A win came for Samsung last night as the United States Patent and Trademark Office has invalidated all 20 claims of Apple’s US Patent No 7,479,949. Patent number 7,479,949 covered the bounce-back scrolling effect that Apple uses on its devices and it was one of the big patents that Samsung was held to have infringed in its early Galaxy devices. One of the biggest problems with the US patent system is its reliance on inexperienced juries to determine patent validity, rather than having the validity determined by an expert judge. Juries don’t understand patent law, and the jury in the Apple v Samsung case apparently ignored evidence of prior art, because it was ‘bogging [them] down’.
The USPTO has re-examined patent 7,479,949 and has found a number of examples of prior art that anticipate its claims, including one prior patent from Apple itself. As I’ve discussed previously, patents can only be granted for things that are new and inventive, and the existing patents effectively disclose Apple’s ‘invention’, with the USPTO deciding that patent 7,479,949 did not include an inventive step over what was already in the prior art base.
Of course Apple will appeal this ruling, but it is likely that the examiner’s decision will be upheld. If nothing else, it’ll reduce the damages that Samsung owes, and should give them some ammunition to have the whole matter re-tried or dismissed. Patents!
[Edit]: Android Police have a brilliant article that discusses the decision (and the patents) in lots of detail.
You got the patent # wrong. 7479949 has never been declared invalid. It is at issue in two law suits (Apple vs. HTC and Apple vs. Motorola). The “rubberbanding patent” you’re referring to is 7,469,381
Imagine the flurry around samsung’s round table of lawyers. Wonder if Samsung could sue Apple over this get a massive payout. Can’t help but be very happy for samsung.
Not with an American Jury
Only non-adapting cry-babies, take rival companies to court.

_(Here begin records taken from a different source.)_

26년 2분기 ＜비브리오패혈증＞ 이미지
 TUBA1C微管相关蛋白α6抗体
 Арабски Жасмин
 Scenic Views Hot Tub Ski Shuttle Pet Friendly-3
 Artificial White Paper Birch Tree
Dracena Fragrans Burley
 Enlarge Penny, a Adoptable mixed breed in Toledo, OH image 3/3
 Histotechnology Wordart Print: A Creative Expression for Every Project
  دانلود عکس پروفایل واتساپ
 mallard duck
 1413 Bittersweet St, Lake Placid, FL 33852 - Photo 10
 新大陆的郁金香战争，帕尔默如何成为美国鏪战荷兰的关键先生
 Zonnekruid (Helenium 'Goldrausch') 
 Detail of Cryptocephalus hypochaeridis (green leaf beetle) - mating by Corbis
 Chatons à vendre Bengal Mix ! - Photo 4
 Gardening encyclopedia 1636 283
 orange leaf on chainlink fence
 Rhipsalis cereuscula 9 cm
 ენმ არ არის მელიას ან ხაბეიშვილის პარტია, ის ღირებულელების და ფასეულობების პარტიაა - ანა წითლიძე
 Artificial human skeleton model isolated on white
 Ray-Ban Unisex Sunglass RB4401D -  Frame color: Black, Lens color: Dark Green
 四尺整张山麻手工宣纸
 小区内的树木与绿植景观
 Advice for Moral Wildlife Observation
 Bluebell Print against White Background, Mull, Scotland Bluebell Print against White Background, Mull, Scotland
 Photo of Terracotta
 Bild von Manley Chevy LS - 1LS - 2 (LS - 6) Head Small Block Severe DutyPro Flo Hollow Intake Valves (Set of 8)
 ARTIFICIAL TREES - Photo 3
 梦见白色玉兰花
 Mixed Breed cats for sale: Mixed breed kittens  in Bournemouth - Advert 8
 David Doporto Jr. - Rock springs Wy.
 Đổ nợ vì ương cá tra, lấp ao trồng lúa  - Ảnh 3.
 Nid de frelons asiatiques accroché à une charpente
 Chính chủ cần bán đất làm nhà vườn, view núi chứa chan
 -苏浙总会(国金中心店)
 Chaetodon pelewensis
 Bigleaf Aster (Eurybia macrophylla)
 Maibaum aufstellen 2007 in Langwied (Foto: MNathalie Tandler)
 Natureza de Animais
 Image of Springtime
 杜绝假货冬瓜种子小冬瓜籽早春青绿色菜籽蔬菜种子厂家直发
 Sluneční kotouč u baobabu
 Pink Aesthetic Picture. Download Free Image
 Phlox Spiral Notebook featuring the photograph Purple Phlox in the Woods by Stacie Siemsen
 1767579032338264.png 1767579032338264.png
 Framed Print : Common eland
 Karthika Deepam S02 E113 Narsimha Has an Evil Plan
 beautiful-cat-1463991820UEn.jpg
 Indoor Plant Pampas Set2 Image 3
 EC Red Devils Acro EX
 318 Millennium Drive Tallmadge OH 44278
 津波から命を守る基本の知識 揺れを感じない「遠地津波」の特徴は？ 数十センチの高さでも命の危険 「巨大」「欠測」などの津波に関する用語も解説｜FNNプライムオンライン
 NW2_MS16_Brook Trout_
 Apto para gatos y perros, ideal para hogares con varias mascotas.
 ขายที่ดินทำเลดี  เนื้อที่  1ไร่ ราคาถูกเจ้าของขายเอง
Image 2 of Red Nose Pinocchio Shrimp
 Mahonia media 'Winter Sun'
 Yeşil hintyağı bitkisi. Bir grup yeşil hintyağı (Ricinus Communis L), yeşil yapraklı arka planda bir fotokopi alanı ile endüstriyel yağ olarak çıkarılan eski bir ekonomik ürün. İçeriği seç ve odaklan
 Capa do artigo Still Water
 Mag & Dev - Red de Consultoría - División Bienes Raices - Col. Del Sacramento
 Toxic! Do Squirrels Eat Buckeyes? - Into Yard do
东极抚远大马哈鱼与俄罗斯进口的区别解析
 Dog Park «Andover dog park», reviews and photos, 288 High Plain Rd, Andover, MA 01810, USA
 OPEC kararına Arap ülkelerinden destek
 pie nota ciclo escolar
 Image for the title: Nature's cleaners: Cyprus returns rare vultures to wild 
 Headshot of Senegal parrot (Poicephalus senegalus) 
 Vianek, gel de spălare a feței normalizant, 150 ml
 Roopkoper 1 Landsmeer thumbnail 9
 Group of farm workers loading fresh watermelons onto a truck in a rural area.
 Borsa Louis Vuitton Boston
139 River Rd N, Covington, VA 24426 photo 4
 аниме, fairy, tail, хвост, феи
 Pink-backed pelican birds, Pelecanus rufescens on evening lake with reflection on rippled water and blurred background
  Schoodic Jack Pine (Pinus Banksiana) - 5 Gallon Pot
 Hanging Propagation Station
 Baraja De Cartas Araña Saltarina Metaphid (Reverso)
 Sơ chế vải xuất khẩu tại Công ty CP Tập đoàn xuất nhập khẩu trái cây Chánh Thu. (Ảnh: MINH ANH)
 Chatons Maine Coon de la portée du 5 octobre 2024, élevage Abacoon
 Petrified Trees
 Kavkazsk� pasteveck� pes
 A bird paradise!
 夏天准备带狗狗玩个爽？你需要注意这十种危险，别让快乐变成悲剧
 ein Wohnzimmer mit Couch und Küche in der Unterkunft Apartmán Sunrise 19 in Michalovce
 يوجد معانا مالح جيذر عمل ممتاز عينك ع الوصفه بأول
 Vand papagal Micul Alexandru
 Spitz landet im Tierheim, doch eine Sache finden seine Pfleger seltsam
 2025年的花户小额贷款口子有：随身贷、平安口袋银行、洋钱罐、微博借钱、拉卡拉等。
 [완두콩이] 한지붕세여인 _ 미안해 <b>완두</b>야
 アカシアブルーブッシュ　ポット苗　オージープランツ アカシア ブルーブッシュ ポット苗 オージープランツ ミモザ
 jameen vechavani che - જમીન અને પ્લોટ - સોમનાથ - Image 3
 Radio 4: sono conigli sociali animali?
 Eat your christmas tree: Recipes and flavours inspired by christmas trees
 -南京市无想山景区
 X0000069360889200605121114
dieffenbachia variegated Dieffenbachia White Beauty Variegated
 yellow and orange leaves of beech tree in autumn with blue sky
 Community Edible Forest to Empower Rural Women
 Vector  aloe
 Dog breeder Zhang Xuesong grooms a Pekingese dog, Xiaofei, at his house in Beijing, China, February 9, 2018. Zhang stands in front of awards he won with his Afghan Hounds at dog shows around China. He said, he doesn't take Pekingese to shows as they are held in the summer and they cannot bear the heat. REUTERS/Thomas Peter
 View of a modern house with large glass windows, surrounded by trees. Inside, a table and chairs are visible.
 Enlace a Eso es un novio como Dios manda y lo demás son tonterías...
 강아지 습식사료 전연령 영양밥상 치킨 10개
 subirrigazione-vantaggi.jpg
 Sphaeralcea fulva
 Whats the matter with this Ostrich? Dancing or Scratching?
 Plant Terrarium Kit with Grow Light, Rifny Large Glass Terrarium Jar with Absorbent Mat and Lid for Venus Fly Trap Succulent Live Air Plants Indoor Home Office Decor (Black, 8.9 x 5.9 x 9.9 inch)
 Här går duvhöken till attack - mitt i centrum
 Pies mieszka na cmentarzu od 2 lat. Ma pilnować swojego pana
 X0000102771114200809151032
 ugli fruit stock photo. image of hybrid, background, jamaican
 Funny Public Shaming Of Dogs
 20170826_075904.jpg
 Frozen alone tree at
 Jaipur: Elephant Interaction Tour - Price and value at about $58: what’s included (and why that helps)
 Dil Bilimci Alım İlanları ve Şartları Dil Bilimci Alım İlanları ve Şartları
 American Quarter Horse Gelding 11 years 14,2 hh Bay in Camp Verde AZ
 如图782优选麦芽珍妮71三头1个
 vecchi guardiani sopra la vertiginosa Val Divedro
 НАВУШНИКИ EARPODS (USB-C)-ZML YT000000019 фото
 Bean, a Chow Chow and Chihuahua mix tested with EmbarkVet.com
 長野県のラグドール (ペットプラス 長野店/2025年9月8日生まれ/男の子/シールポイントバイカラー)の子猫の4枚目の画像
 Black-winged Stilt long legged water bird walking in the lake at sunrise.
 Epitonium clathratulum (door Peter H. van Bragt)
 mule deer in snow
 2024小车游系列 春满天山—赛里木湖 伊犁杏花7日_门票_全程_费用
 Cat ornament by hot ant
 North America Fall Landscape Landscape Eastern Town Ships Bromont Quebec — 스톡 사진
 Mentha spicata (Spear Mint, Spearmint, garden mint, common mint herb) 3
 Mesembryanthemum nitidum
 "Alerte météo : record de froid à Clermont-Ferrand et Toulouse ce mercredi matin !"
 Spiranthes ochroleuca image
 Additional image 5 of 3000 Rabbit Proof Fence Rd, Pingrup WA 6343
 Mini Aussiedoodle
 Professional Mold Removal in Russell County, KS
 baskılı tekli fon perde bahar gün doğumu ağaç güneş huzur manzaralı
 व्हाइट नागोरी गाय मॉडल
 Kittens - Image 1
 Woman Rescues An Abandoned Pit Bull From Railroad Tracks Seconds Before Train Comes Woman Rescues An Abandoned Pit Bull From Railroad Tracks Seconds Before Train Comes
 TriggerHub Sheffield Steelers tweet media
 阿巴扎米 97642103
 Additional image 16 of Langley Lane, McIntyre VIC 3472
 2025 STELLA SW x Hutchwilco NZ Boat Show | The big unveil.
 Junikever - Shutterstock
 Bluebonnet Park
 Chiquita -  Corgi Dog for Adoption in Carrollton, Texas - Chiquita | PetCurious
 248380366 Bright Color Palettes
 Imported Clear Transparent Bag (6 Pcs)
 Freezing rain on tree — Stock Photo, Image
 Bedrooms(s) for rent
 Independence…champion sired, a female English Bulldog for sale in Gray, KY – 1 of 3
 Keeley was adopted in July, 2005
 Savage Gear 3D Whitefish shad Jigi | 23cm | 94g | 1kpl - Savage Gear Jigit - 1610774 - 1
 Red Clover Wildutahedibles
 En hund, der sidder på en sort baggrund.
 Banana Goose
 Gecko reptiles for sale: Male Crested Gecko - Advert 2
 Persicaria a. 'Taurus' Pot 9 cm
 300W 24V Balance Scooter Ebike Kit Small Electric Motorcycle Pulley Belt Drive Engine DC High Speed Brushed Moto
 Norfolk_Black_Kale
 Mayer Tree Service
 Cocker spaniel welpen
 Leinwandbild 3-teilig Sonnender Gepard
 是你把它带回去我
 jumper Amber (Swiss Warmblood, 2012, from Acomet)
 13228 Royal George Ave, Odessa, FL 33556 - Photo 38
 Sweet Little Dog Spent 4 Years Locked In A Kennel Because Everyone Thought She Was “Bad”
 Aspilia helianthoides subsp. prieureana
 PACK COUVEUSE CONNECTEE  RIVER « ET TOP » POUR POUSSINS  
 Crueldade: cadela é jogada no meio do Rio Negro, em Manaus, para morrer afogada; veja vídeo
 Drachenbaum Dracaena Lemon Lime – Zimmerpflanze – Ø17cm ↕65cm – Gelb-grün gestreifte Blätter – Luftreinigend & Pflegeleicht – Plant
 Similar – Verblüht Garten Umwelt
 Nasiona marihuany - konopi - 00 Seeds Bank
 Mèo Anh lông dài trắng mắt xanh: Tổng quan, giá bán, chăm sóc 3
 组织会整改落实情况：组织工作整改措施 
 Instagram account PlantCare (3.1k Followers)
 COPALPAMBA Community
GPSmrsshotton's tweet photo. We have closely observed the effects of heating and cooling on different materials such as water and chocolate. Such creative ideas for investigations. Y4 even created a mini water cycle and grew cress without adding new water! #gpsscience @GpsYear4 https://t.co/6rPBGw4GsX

I doubt any 7″ droid maker will see the iPad Mini taken off shelves.
That would be good.
Next stop – invalidate Apple’s slide-to-unlock patent (already existed on Neonode N1m in 2005) and then pinch-to-zoom (MERL DiamondTouch and Jeff Han’s work).
Interestingly, Apple actually does not have a patent on pinch-to-zoom. If you’re interested, I’d recommend giving this article a read: http://www.theverge.com/2012/8/30/3279628/apple-pinch-to-zoom-patent-myth
That’s an interesting article but it still looks like that patent applies to pinch-to-zoom, right? Basically scrolling on a single touch input or “scaling the view associated with the event object based on receiving the two or more input points in the form of the user input”. That second part sounds like pinch-to-zoom to me.